Will it come in 2010? Maybe.
The Incumbent Rule Redux
It’s worth dragging out the old incumbent rule again, just to see how it applies in this case. The incumbent rule, for those of you who missed it last time, is that all things being equal, voters tend to prefer incumbents. Simple and obvious. There are also some tried-and-true ways in which the rule is broken, and one of those is when, during an election cycle, some sort of external or internal crisis causes voters to break with the incumbent.
In Connecticut, in 2006, the incumbent had a huge advantage, not only because of her personal popularity, but because the state was not in crisis. In fact, Rell was seen as a solution to the previous state-level crisis, the saga of John Rowland. There was a continuing crisis on the national level, that of Iraq and the War on Terror in general, which caused voters to break with the GOP, but that crisis was not relevant to Connecticut’s state politics.
2010 could be very different. The economy is currently awful, and likely to get worse. By 2010, unemployment could be way up, state revenue could be down, and bold promises of tax-increase-free budgets could be a dim memory at best. How will this affect Jodi Rell?
So far, she’s weathered the crisis very well. The public still largely approves of her handling of the economic situation, though her critics claim she is far too reactive and not bold or creative enough in her leadership. She’s also managed to stay above the partisan fray to an extent, mainly by dismissing the dumber ideas of the GOP caucus and working, sometimes reluctantly, with Democrats.
But by 2010, with an active gubernatorial campaign in full swing and voters looking for someone to blame, Gov.
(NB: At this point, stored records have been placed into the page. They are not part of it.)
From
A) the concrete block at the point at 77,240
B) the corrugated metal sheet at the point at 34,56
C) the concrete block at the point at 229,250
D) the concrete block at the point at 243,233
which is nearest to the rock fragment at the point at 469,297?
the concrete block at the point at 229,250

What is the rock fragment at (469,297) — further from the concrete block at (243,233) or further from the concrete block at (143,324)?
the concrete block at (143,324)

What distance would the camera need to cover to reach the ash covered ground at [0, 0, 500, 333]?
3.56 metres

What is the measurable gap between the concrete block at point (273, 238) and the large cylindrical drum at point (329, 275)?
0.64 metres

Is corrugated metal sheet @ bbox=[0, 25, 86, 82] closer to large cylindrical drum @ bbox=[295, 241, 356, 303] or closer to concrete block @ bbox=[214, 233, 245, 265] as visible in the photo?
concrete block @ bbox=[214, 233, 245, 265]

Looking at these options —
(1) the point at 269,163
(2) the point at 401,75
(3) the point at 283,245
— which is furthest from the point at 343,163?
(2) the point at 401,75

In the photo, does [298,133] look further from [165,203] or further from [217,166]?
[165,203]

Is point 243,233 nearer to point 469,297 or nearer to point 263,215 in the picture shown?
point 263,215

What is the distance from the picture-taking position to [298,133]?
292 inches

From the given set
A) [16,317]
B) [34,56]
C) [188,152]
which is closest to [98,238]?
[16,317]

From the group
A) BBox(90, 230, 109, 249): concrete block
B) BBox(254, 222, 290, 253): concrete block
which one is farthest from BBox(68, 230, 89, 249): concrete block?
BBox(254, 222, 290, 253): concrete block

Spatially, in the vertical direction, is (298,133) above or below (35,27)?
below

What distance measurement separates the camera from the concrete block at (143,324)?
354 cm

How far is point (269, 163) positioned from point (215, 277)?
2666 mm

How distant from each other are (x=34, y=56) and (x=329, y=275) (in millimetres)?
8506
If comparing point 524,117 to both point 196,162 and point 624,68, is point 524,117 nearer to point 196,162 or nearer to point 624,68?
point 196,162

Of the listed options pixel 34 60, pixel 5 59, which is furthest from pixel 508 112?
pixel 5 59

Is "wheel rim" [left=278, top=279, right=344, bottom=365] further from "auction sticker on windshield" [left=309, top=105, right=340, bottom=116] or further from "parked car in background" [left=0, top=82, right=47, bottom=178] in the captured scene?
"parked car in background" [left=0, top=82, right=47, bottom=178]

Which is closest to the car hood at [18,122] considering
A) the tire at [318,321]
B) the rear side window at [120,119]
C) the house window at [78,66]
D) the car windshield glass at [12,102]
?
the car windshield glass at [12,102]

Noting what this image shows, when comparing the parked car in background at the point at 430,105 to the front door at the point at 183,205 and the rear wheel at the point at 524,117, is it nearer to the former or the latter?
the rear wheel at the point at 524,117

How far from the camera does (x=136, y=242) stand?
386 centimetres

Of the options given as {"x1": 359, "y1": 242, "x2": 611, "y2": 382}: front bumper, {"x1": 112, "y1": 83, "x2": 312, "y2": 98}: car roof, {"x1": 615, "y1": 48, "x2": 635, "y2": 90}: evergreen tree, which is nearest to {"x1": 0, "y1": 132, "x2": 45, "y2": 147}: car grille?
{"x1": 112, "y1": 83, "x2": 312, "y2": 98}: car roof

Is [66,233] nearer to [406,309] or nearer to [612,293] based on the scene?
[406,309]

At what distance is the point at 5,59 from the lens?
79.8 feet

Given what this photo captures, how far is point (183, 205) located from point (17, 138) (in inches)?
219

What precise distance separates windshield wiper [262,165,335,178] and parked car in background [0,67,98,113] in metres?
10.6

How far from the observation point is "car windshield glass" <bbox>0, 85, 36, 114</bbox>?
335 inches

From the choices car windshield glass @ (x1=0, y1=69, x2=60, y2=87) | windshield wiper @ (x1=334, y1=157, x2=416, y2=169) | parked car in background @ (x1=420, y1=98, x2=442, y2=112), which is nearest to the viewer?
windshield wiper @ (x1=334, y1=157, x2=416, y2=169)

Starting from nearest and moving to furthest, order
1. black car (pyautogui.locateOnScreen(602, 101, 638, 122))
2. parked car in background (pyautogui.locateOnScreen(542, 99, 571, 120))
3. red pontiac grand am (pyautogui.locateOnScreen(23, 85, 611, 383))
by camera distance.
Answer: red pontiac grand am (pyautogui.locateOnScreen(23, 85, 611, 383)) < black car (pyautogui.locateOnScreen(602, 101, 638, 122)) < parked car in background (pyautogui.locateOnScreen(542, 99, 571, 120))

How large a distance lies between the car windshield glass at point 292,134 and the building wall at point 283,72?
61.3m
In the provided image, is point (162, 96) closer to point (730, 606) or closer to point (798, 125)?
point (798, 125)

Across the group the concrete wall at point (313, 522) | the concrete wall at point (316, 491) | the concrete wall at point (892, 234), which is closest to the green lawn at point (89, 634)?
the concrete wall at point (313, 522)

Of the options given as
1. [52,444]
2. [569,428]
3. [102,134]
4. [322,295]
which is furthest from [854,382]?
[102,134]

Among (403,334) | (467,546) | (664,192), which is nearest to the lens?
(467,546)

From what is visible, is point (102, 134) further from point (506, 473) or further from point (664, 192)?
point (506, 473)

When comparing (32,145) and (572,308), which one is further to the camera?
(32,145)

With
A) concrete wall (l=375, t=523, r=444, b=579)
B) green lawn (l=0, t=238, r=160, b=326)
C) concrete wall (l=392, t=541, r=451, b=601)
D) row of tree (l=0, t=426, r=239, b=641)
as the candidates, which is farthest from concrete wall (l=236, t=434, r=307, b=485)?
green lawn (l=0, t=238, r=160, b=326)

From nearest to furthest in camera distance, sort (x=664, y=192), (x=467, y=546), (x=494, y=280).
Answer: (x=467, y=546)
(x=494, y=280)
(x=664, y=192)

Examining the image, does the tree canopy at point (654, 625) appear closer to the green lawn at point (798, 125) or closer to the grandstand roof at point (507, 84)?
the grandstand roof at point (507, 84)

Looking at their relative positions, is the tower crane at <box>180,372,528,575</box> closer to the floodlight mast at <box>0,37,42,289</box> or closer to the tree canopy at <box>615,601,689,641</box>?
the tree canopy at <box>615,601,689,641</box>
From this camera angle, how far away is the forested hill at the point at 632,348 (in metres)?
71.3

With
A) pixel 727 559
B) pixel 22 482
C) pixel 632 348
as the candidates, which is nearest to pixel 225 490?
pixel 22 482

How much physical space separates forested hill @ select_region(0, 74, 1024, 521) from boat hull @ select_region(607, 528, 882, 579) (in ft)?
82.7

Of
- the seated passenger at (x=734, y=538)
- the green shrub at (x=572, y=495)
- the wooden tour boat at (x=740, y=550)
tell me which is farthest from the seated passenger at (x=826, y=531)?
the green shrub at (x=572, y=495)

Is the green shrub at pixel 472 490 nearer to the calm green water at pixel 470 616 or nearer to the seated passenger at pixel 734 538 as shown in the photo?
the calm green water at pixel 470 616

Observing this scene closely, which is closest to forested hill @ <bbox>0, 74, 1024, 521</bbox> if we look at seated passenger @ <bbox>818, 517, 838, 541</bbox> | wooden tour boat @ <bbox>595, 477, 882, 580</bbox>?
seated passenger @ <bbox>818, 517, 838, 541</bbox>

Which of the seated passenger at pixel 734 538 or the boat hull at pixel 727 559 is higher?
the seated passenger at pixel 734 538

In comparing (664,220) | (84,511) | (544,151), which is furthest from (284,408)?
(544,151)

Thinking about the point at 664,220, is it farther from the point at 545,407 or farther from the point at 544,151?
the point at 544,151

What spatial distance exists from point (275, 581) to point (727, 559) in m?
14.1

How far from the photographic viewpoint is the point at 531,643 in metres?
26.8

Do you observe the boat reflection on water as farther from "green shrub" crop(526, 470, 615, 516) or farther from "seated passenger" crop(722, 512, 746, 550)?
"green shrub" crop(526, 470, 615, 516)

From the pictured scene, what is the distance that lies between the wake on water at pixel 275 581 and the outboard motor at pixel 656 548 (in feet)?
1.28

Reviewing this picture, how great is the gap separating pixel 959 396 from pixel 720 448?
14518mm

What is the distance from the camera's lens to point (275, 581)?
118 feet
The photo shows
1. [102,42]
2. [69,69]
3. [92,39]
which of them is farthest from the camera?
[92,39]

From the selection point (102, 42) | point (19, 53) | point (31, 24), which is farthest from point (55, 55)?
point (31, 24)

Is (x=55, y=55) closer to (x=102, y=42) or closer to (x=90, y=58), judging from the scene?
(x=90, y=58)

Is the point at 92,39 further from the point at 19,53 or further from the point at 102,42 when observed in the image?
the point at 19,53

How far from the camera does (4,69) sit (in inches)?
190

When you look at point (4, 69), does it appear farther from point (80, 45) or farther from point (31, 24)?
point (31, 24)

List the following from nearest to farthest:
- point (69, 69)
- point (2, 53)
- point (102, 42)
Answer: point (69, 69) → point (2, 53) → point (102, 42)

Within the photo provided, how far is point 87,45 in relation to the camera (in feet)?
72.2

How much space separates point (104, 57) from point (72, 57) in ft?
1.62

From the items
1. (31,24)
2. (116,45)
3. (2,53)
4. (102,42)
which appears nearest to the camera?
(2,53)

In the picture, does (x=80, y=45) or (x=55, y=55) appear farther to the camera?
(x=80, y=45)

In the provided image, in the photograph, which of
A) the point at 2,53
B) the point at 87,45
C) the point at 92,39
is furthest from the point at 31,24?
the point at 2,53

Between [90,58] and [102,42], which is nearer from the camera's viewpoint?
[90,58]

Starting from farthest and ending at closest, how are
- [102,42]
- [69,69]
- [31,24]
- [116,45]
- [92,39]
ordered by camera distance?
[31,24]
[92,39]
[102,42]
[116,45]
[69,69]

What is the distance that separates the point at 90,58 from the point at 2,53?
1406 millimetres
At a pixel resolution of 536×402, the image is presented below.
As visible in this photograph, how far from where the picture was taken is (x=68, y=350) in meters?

Rell could find her standing drop rapidly. Think of how invincible Chris Dodd seemed a year ago. That’s how quickly things could change, if Rell is perceived as being ineffective. The crisis will cause voters to seek other options, and Rell’s incumbency advantage will evaporate. At that point, she’ll have to rely on her carefully crafted image and personal popularity with voters, both of which could be vulnerable to strong attacks from the Democrats.
Can Susan Bysiewicz, Dan Malloy or Jim Amann take advantage of this, should it happen? They sound like they’re ready to try, certainly. Malloy is trying to craft a clear alternative to Rell’s budget by insisting that taxes need to rise on the wealthiest, and both candidates say that the state needs to invest in infrastructure and health care, among other things.
Will the message resonate with crisis-weary voters in 2010? Will Rell find that being an incumbent is a liability instead of a strength? Will Democrats find a way to blow it again?
Bass, Paul. “Tough Enough To Tackle “Grandma”?.” New Haven Independent 3 March, 2009.